Would you give the entries again word for word, with no pictures in the copy?

---- Records for processing

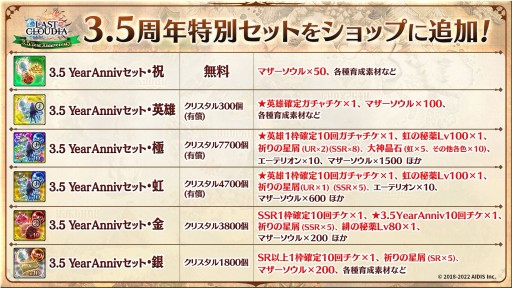 画像ギャラリー No.024のサムネイル画像 / 新ユニット”アデル”とURアーク”神戒”が10月13日に実装へ。3.5周年記念の公式生放送で発表された新情報をまとめて紹介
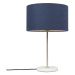 Mosazná stolní lampa s modrým odstínem 35 cm - Kaso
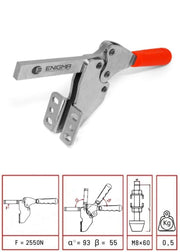 Lamella Front Base Clamp / 1263 AL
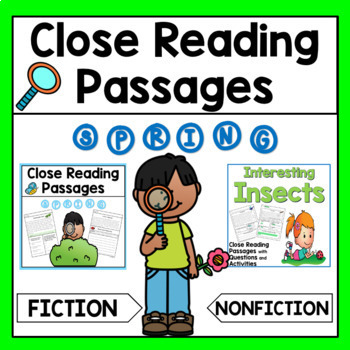 Preview of Spring Reading Comprehension Passages and Questions for 3rd Grade Reading Skills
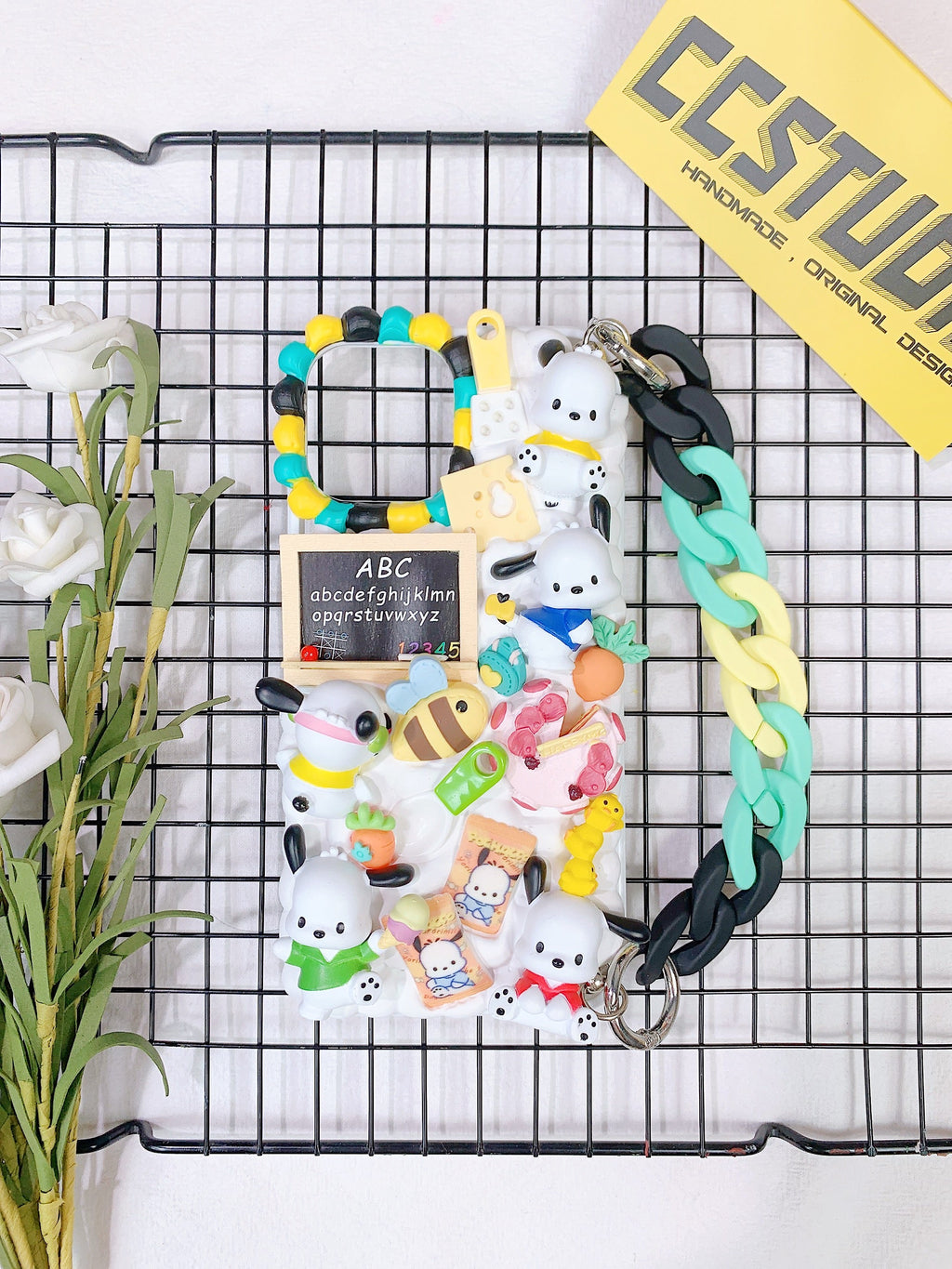 Sanrio Pochacco Handmade Decoden Phone Case｜All Models Available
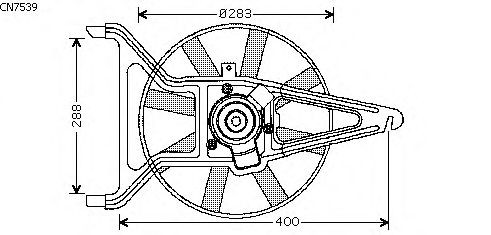 Fan, motor sogutmasi CN7539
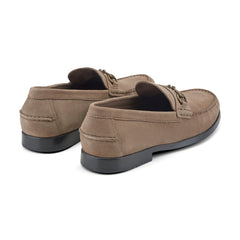 Men Rockport Whit Classic Bit Loafers Taupe Suede
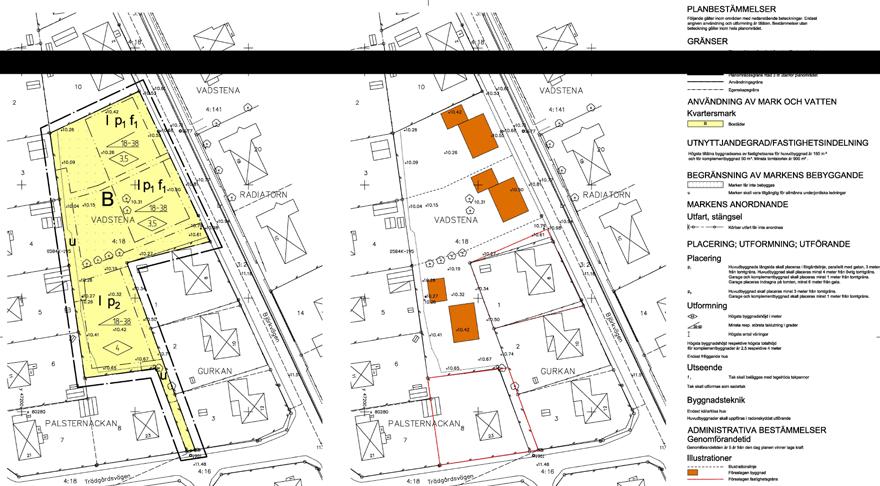 4 (7) Areal Planområdets areal enligt gällande detaljplanen omfattar ca 0,3 ha.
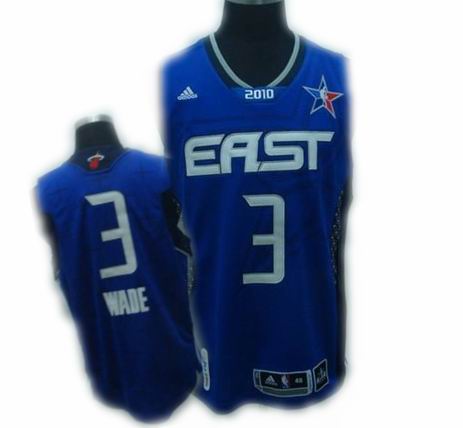 Dwayne Wade #3 Eastern Conference 2010 All Star Jersey blue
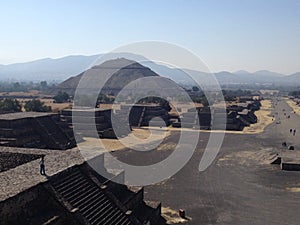 The a view of the Pyramid of the Sun at Teotihuacan photo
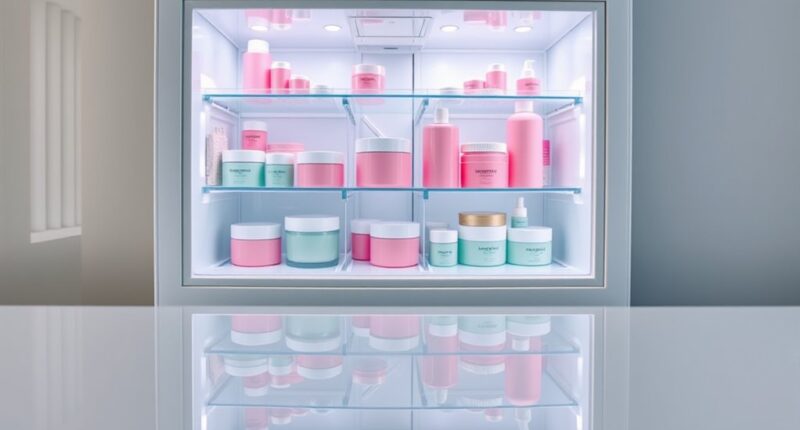 cool skincare storage options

--------

Problem solution =>
 画像ギャラリー No.024のサムネイル画像 / 新ユニット”アデル”とURアーク”神戒”が10月13日に実装へ。3.5周年記念の公式生放送で発表された新情報をまとめて紹介
 Mosazná stolní lampa s modrým odstínem 35 cm - Kaso
 Lamella Front Base Clamp / 1263 AL
 Preview of Spring Reading Comprehension Passages and Questions for 3rd Grade Reading Skills
 Sanrio Pochacco Handmade Decoden Phone Case｜All Models Available
 Fan, motor sogutmasi CN7539
 Men Rockport Whit Classic Bit Loafers Taupe Suede
 4 (7) Areal Planområdets areal enligt gällande detaljplanen omfattar ca 0,3 ha.
 Dwayne Wade #3 Eastern Conference 2010 All Star Jersey blue
 The a view of the Pyramid of the Sun at Teotihuacan photo
 cool skincare storage options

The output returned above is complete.